▶ The data

........

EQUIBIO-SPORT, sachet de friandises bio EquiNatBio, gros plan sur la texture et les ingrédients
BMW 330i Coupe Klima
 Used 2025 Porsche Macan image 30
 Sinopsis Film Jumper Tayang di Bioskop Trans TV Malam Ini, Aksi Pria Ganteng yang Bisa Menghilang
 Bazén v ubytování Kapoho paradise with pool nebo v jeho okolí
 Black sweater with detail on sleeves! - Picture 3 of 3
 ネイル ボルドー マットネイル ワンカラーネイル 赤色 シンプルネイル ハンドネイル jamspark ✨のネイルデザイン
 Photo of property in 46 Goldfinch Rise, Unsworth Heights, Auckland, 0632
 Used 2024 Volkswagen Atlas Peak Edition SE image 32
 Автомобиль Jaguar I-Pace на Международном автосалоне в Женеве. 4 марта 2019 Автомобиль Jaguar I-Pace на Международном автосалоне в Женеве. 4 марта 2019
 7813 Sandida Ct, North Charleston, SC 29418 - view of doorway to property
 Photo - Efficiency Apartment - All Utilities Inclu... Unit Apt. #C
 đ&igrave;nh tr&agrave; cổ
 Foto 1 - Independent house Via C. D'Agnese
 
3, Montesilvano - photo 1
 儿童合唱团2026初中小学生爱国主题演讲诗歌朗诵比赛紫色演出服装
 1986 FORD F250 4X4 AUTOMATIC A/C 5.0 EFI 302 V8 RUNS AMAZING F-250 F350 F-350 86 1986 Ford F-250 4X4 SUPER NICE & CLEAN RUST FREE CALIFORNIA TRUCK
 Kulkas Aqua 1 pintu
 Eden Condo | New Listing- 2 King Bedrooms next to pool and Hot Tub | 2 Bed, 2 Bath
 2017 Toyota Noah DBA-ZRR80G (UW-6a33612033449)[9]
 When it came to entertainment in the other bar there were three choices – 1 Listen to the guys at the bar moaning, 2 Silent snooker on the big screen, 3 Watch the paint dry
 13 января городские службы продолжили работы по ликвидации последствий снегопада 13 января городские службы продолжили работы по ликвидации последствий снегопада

........

▶ What is needed
Print, without any change, the line containing "7813 Sandida Ct, North" and each line after it to the end of the material.

▶ Task output
 7813 Sandida Ct, North Charleston, SC 29418 - view of doorway to property
 Photo - Efficiency Apartment - All Utilities Inclu... Unit Apt. #C
 đ&igrave;nh tr&agrave; cổ
 Foto 1 - Independent house Via C. D'Agnese
 
3, Montesilvano - photo 1
 儿童合唱团2026初中小学生爱国主题演讲诗歌朗诵比赛紫色演出服装
 1986 FORD F250 4X4 AUTOMATIC A/C 5.0 EFI 302 V8 RUNS AMAZING F-250 F350 F-350 86 1986 Ford F-250 4X4 SUPER NICE & CLEAN RUST FREE CALIFORNIA TRUCK
 Kulkas Aqua 1 pintu
 Eden Condo | New Listing- 2 King Bedrooms next to pool and Hot Tub | 2 Bed, 2 Bath
 2017 Toyota Noah DBA-ZRR80G (UW-6a33612033449)[9]
 When it came to entertainment in the other bar there were three choices – 1 Listen to the guys at the bar moaning, 2 Silent snooker on the big screen, 3 Watch the paint dry
 13 января городские службы продолжили работы по ликвидации последствий снегопада 13 января городские службы продолжили работы по ликвидации последствий снегопада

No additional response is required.